FIG. 4 is a graph 300 illustrating Differential Scanning Calorimetry (DSC) test results of cathode thermal release in the presence of different electrolytes in accordance with the present disclosure. A vertical axis 302 is illustrated describing heat flow in units of mW/mg. A horizontal axis 304 is illustrated describing temperature in units of Celsius (°C).

As illustrated, line 306 represents an electrolyte composition including LiPF₆ in EC:EMC 3:7+2% VC as a first control electrolyte composition, line 308 represents an electrolyte composition including LiPF₆ in FEC:FEMC 1:9+1% LiDFOB as a second electrolyte composition, and line 310 represents an electrolyte composition including LiPF₆ in FEC:FEMC 1:9 as a third electrolyte composition. Comparing the electrolyte compositions 308, 310 with the control electrolyte composition 306, it can be seen that FEC and FEMC largely enhance the thermal stabilities of the electrolyte compositions.
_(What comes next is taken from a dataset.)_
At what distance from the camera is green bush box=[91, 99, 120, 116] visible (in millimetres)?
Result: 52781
For example, the peak temperatures of the electrolyte compositions are correspondingly delayed by either 10° C. or 17° C., and the total heat release is reduced by either 21% or 24%, based on the total heat released for the electrolyte composition 306 of 721 J/g, the electrolyte composition 308 of 566 J/g, and the electrolyte composition 310 of 545 J/g.

While the best modes for carrying out the disclosure have been described in detail, those familiar with the art to which this disclosure relates will recognize various alternative designs and embodiments for practicing the disclosure within the scope of the appended claims.